Reef grant ‘fabulous news’: foundation chairman
An inquiry into the controversial $443.3 million grant will hear from the chairman and directors of the Great Barrier Reef Foundation
Great Barrier Reef Foundation chairman Dr John Schubert has said the controversial federal government grant of $443.3 million is “fabulous news” for the reef.
Schubert is one of seven foundation representatives to be giving evidence to a Senate committee in Canberra on Tuesday.
The inquiry is seeking details on why the government granted the six-year funding stream to the foundation without going to tender, and how the foundation plans to use the money.
“You asked was I surprised … but my overwhelming initial reaction was: ‘This is fabulous news for the Great Barrier Reef. This is what is needed’,” Schubert said when asked about his reaction to receiving the grant.

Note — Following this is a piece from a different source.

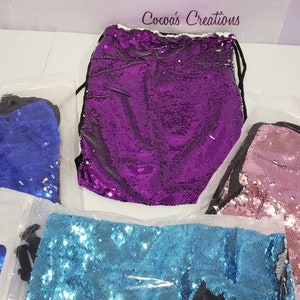 Custom sequins drawstring backpacks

Schubert said the reef faced ongoing threats against climate change and needed to be protected.
“We have recognised very openly the climate change is the greatest threat to our Great Barrier Reef. We have consistently said that and we will keep doing so,” Schubert said.
“I think the vast majority of Australians now understand that the reef really is threatened and is already being damaged by climate change.”

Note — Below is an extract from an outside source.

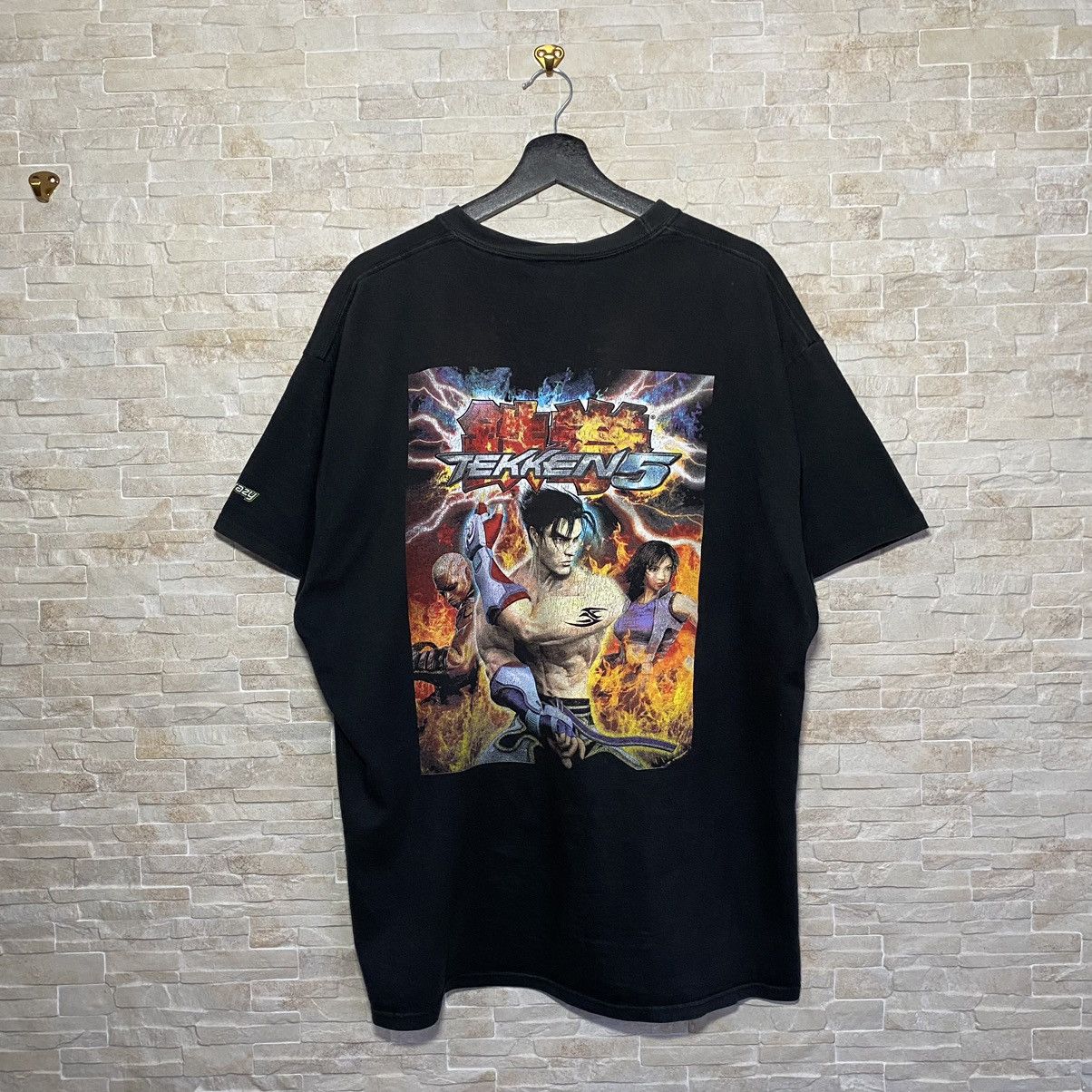 image of Very Vintage 00S Tekken 5 Promo Tee in Black, Men's (Size XL)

Critics of the grant have also raised concerns about potential conflicts of interest and commercial interests, given the foundation has a number of corporate backers from the resources sector.
The foundation told the inquiry it had projects due to start in 2019.
It said it was confident of leveraging the funding to raise more money from the private sector to protect the reef.
Former Prime Minister Malcolm Turnbull has been heavily criticised for his decision for handing GBRF the million dollar grant.
The Chairman of the Senate committee, Peter Whish-Wilson, said in August that the former Prime Minister could be summoned when he resigns his seat on Friday to speak on why he gifted the huge grant to the private sector-backed foundation.
“I want to know exactly what was discussed, and where did the idea start. It didn’t just materialise. Someone has come up with the idea and driven it at the highest level,” Whish-Wilson said.
Turnbull has come out in defence of the grant prior, insisting: “It went through a full cabinet process, it was in the budget, it was in the appropriate bills that the parliament passed, so it has been legislated.”
Scott Morrison told Parliament in July that he fully endorsed the grant decision and said the foundation – whose board includes corporate heavyweights and scientists – could find better ways to spend the money rather than the government’s own public servants.
It is expected that also the Morrison government will feel the heat with the government’s credibility coming under scrutiny as a result of the inquiry.